Supplied information:
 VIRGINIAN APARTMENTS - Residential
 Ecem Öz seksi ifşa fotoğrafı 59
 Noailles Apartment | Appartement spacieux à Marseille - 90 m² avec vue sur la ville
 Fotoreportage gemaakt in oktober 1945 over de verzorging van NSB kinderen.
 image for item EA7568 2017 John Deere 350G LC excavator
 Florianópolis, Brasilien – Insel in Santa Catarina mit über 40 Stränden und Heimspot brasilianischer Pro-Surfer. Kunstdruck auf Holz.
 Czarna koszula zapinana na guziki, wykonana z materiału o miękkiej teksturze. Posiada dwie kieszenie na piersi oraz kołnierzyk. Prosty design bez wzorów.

Exercise brief:
Reproduce precisely, and with no line left out, each line from the top of the entries through the line that carries "Florianópolis, Brasilien –".

Solution to the exercise:
 VIRGINIAN APARTMENTS - Residential
 Ecem Öz seksi ifşa fotoğrafı 59
 Noailles Apartment | Appartement spacieux à Marseille - 90 m² avec vue sur la ville
 Fotoreportage gemaakt in oktober 1945 over de verzorging van NSB kinderen.
 image for item EA7568 2017 John Deere 350G LC excavator
 Florianópolis, Brasilien – Insel in Santa Catarina mit über 40 Stränden und Heimspot brasilianischer Pro-Surfer. Kunstdruck auf Holz.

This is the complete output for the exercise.